■ **What the task requires**:
The lines below, from the one holding "Raw Denim Cargo" through the one holding "1242 - Two toolboxes, a", are to be restated word for word, with all images left out.

##### Records to process #####

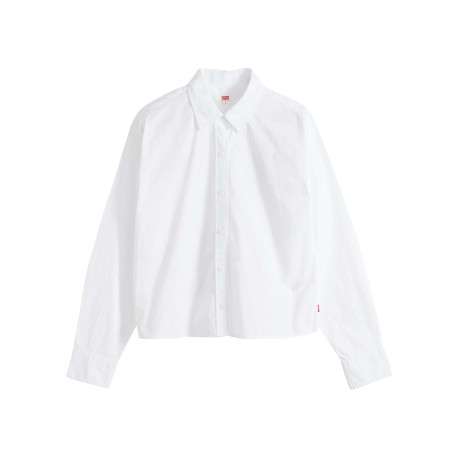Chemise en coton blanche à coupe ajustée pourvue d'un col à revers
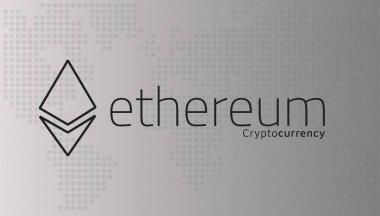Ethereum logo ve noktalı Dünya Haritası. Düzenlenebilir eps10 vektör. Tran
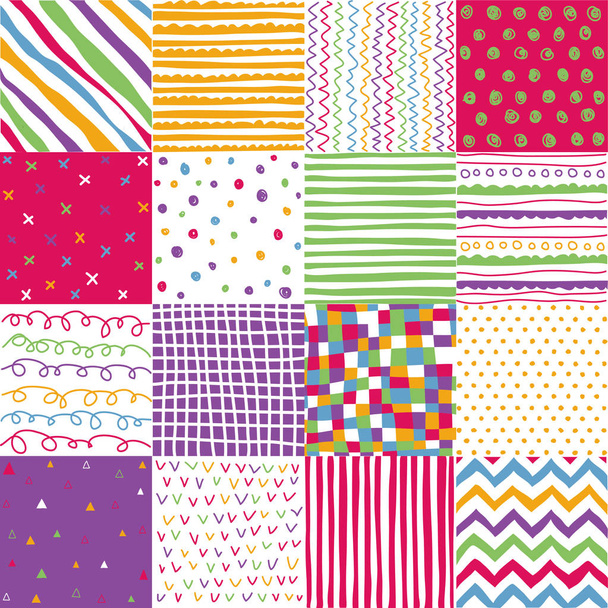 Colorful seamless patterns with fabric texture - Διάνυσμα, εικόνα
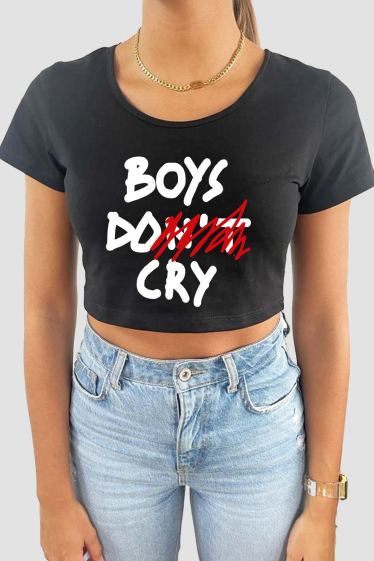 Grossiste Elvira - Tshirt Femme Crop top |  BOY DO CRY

#####
##### Records to process #####

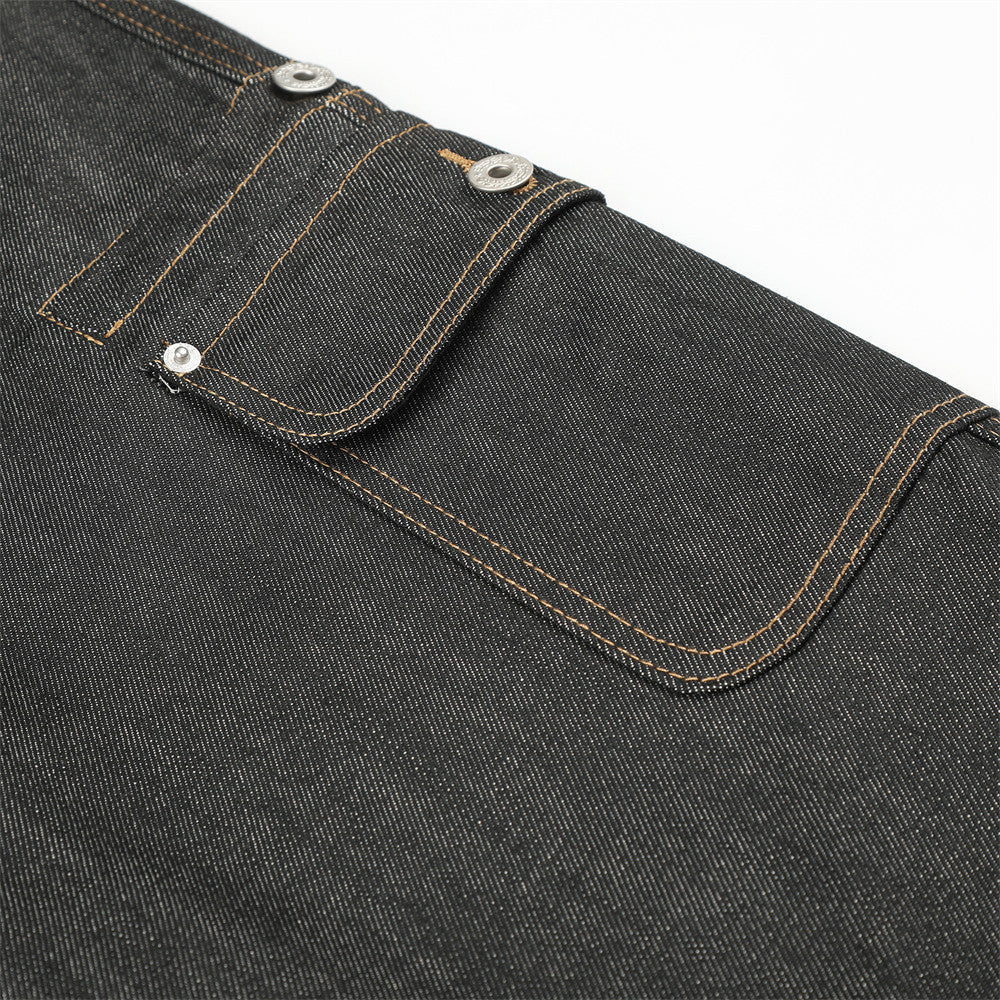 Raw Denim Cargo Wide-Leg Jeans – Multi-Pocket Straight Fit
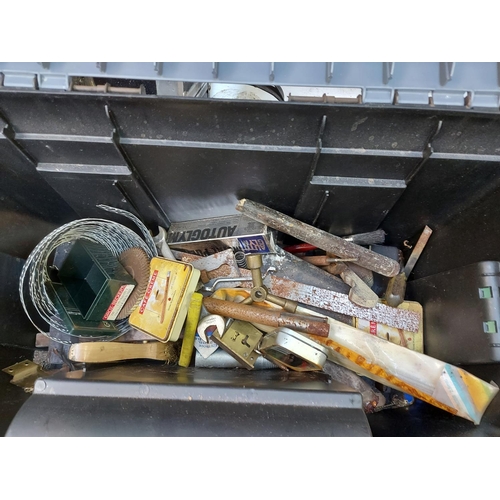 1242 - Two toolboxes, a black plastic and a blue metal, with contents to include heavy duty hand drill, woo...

#####

■ **Answer for this exercise**:
 Raw Denim Cargo Wide-Leg Jeans – Multi-Pocket Straight Fit
 1242 - Two toolboxes, a black plastic and a blue metal, with contents to include heavy duty hand drill, woo...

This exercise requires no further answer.